Microsoft will never have the excuse of poor hardware. Windows Phone has always had good hardware to build the platform on. Lumias are amazing, and they tied the knot with what was the best phone company in the world: Nokia. Never mind that things didn’t work out. Even when [Microsoft] married from other tribes the few times [read HTC, Samsung, Blu & HP] the hardware was always stellar.

I love my Lumia 820. Mostly its screen. The phone is quite thick, running up to a dizzying 10mm on its waist but the OLED panel (never mind that its resolution is miles from being HD) almost atones for this sin, and many others. And above all else, it is a Nokia. One of the last actually, before things became ‘Microsoft’-branded. The last of the truly hardy ones. [There’s the little headache of the side bezels being a bit under the front glass, leaving the glass to take all the brunt of face-first falls. My 820 has a cracked digitizer to attest to that.] But other than the pretty screen and the pretty Windows 10 Mobile, there is little else to blow Windows Phone’s (Microsoft’s) trumpet.

First is the all-too-famous app drought. There are no notable apps in the Windows store. More worryingly, the major players are leaving the platform, announcing no further plans to support Windows phone anymore, some being PayPal and MyFitnessPal while others haven’t had official Windows apps ever, such as Reddit and SoundCloud. Things are not getting any better either. The latest Anniversary update comes bundled with a warning that it could mess things up on your device. For a while, I was a Windows Phone developer but being that isn’t very rosy anymore.
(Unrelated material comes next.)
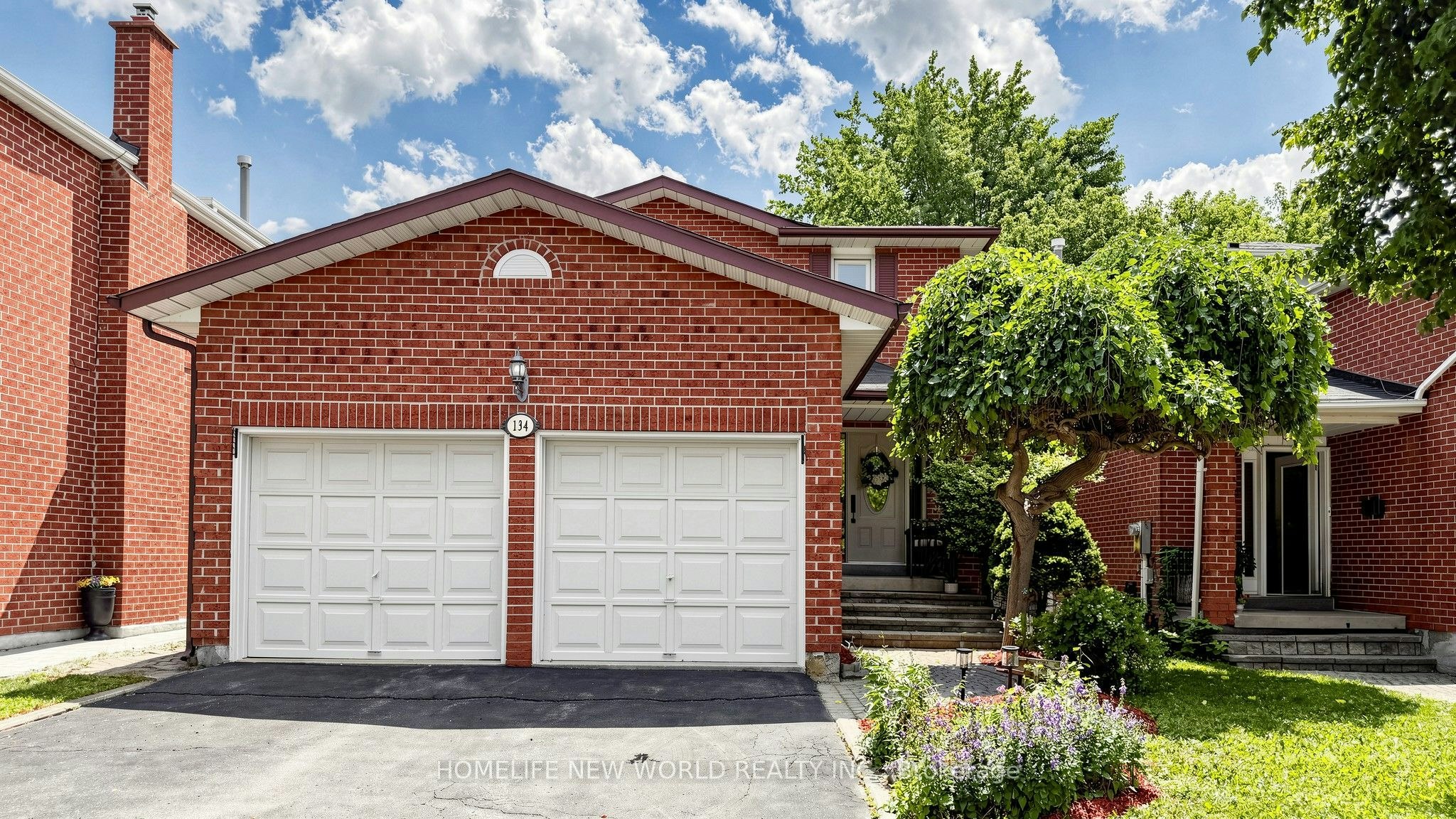 134 Crosby Avenue, Richmond Hill, ON, L4C 9N5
This, of course, reflects in the device sales, which infamously fell below 1% of the market share as of the second quarter of this year. And obviously the execs at Redmond knew of this apps issue. What did they do about it? They brewed a few projects:

Project Astoria which does what every other failing OS does as the final clutch of straw – make their OS capable of running Android apps. This worked, to an extent, but it never left the lab (Windows Insider) table. It died amidst some of the early Windows 10 Mobile release previews, mostly because it had bugs of its own, one being the notoriously known gradual-Android-slowdown. Side note: This got me really excited at the time.

Project Islandwood: This is similar to Project Astoria, but one for iOS apps. Apparently this is out in the wild. And apparently still, the new Universal Windows apps for Facebook are built on this.

There were a couple others to rein in web-apps and native Win32 apps. But still, this didn’t save the boat.

Rumours have been flying about, speaking of a Surface Phone, a new Microsoft strategy to save its mobile wing. I don’t know, man. The innovation should be on the OS itself, not the hardware, where Microsoft clearly has no issue. Look at the new NuAns Neo, Vaio Phone, Lumia 950 XL, HP Elite X3 and Acer Jade Primo. Hardware vendors are still smitten. It needs to woo the users. And its plan to go enterprise should be reconsidered, case in point: Blackberry.

I really wanted the Lumia 650 a couple of months ago. It is gorgeous, slim, has a metal build, sports an AMOLED screen, has the famously decent Lumia camera prowess and can be bought without breaking a bank at a reasonable Ksh. 18,000 in Kenya. But after much thought, my thirst for apps will not be quenched by the beautiful design, or the AMOLED screen (at least not this time) or the sturdy build or the capable camera. No, this time I’ll go for the cheap. I’ll go Android.